A Middleburg horse trainer, jailed two years ago in connection with a lovers' triangle murder that shocked Virginia's hunt country, has been found innocent in a second trial of trying to kill his estranged wife, whom he found in bed with a friend.
But in another of the twists that have laced this case, 30-year-old Theodore Gregory's continued freedom may now hinge on his challenge to his wife's divorce action. Under Virginia law, a divorce would free her to testify against him about the slaying of her lover.
Yesterday, a day after the not guilty verdict was returned by a Westmoreland County jury, the divorce court battle was already taking shape as Gregory's attorney asked the judge hearing the case to reopen it for additional testimony.
At the same time, Loudoun County prosecutors, stunned by acquittal, said they would seek an indictment against Gregory in connection with the shooting death of Middleburg horse dealer Howard LaBove as soon as the divorce is granted. LaBove was the man Gregory discovered making love with his wife.
"As long as he stays married to his wife, we can't seek an indictment, since she's the only witness to the shooting," said James E. Mechling, assistant commonwealth's attorney. "The longer the divorce proceedings, the longer we have to wait."
One of Gregory's attorneys, T. Brooke Howard of Alexandria, promised to contest any indictment of his client for murdering LaBove.
Meanwhile yesterday, Gregory, free for the first time in two years, was spending the day at his parents' Fauquier County farm, said his mother, Mrs.

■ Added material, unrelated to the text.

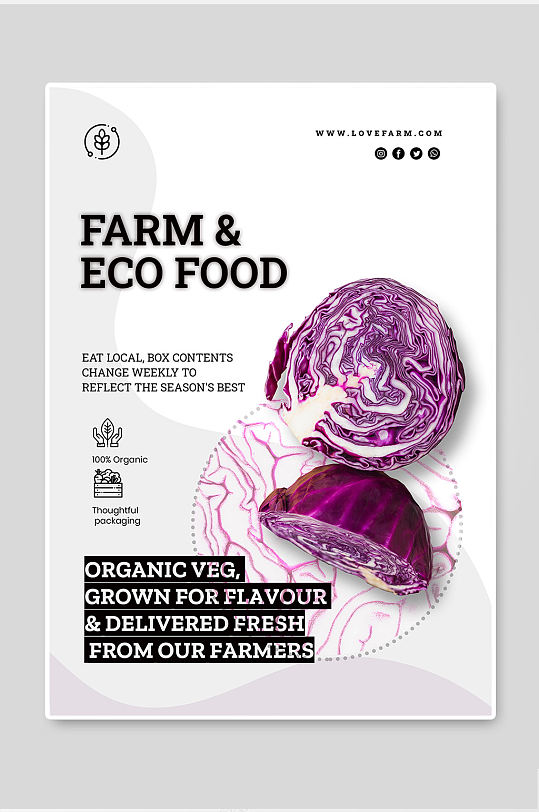 紫甘蓝蔬菜海报简约大气高级清新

J. F. Gregory. "He's been out here taking care of the foals," she said. "It the acquittal is a nice Mother's Day present."
The trial that concluded Thursday in Montross, Va., marked the second time Gregory had been tried on the attempted murder charges since the Aug. 20, 1980, shooting. Gregory had been convicted of the charge in Loudoun County in December 1980. But that conviction was thrown out by the presiding judge because he agreed with defense arguments that he had improperly stopped a psychiatrist from expressing his opinion as to Gregory's state of mind at the time of the shooting.
Defense requests for a change of venue on the new trial were also granted, and the proceedings were moved to Westmoreland County, on the Potomac River about 75 miles due south of Washington.
According to trial testimony, often lurid and explicit, Gregory followed LaBove, a 6-foot, 4-inch, 220-pounder well known in Middleburg as a womanizer, and Gregory's estranged wife, Monique, from a dinner party in the small but exclusive town to LaBove's cottage. Gregory parked his pickup about 100 yards away, removed a .45 caliber pistol from the glove compartment and sneaked up to a window of the cottage.
He then entered the house, opened the bedroom door, and, according to Monique's testimony, announced, "I'm going to kill you, b----!"
In the ensuing scuffle, Monique fled naked to a neighboring house, her arms cut from the door's broken glass. LaBove was subsequently found dead with three bullet wounds in his chest.
Defense attorney Howard said yesterday that the jury acquittal was based on discrepancies between Monique's testimony and statements she gave to police shortly after the shooting. In addition, he said the jurors had little sympathy for her or LaBove.
"Not only was he LaBove a friend of Gregory's," said Howard, "but he was saying, 'Ted, don't worry, I'm doing all I can to bring about a reconciliation."
Prosecutor Mechling downplayed the alleged inconsistencies in Monique's testimony. "They were minor," he said, consisting of how many shots were fired, the location of the various individuals during the shooting, and other minor factors.
"They must have felt that, in spite of that the shooting . . . she was sort of asking for it," said Karen Donohoe, a spokeswoman for Commonwealth's Attorney Thomas D. Horne yesterday.